DATA RECORDS =>
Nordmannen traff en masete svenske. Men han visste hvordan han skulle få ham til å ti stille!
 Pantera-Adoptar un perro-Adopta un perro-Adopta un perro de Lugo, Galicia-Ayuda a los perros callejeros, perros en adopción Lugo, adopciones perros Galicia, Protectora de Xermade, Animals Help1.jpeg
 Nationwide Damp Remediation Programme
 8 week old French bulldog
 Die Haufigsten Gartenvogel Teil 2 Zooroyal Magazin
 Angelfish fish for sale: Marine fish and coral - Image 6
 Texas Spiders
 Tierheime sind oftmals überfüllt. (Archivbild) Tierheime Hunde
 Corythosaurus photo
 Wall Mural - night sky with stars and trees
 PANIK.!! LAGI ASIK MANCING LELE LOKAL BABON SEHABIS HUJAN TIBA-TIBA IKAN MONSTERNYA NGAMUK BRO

EXERCISE GOAL => Please transcribe the data shown above in full, exactly as it stands.

TASK ANSWER =>
Nordmannen traff en masete svenske. Men han visste hvordan han skulle få ham til å ti stille!
 Pantera-Adoptar un perro-Adopta un perro-Adopta un perro de Lugo, Galicia-Ayuda a los perros callejeros, perros en adopción Lugo, adopciones perros Galicia, Protectora de Xermade, Animals Help1.jpeg
 Nationwide Damp Remediation Programme
 8 week old French bulldog
 Die Haufigsten Gartenvogel Teil 2 Zooroyal Magazin
 Angelfish fish for sale: Marine fish and coral - Image 6
 Texas Spiders
 Tierheime sind oftmals überfüllt. (Archivbild) Tierheime Hunde
 Corythosaurus photo
 Wall Mural - night sky with stars and trees
 PANIK.!! LAGI ASIK MANCING LELE LOKAL BABON SEHABIS HUJAN TIBA-TIBA IKAN MONSTERNYA NGAMUK BRO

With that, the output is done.